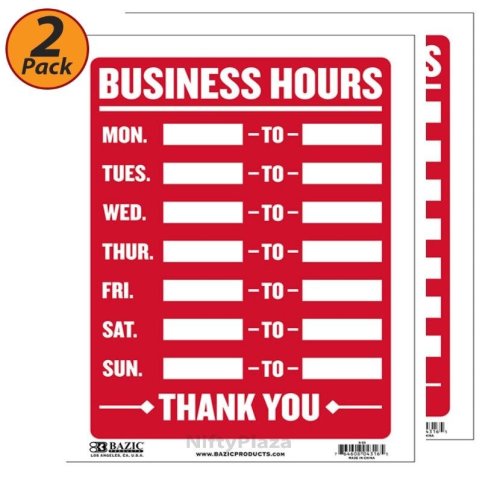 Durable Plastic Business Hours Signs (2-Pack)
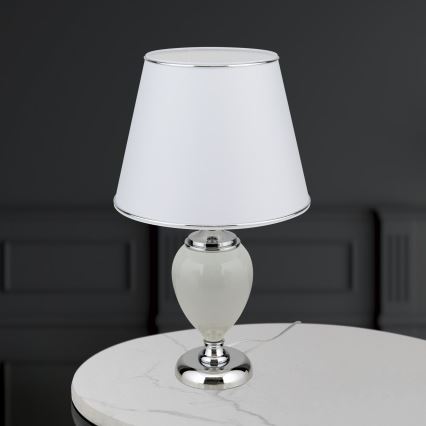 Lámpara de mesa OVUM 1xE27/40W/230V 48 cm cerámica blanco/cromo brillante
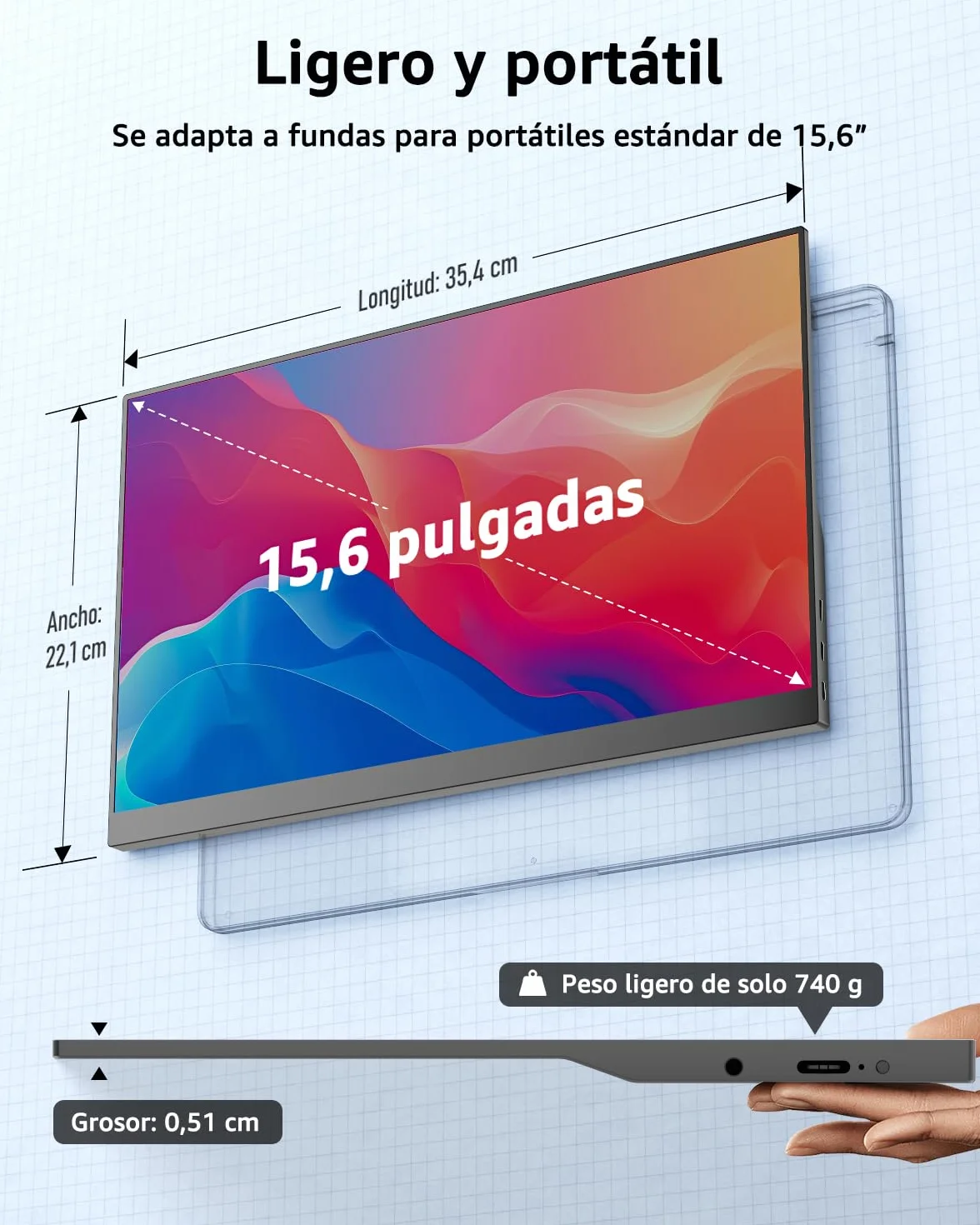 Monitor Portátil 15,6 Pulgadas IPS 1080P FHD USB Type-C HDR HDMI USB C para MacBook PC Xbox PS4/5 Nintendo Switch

==

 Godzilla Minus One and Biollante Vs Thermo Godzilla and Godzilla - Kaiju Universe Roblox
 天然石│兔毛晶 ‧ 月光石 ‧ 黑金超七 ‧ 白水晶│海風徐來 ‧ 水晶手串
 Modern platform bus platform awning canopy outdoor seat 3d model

**WHAT THE EXERCISE ASKS**: Copy only what lies between the line with "Lámpara de mesa" and the line with "Monitor Portátil 15,6", those two lines included, exactly as given above; pictures stay out.

**ANSWER TO THIS EXERCISE**:
 Lámpara de mesa OVUM 1xE27/40W/230V 48 cm cerámica blanco/cromo brillante
 Monitor Portátil 15,6 Pulgadas IPS 1080P FHD USB Type-C HDR HDMI USB C para MacBook PC Xbox PS4/5 Nintendo Switch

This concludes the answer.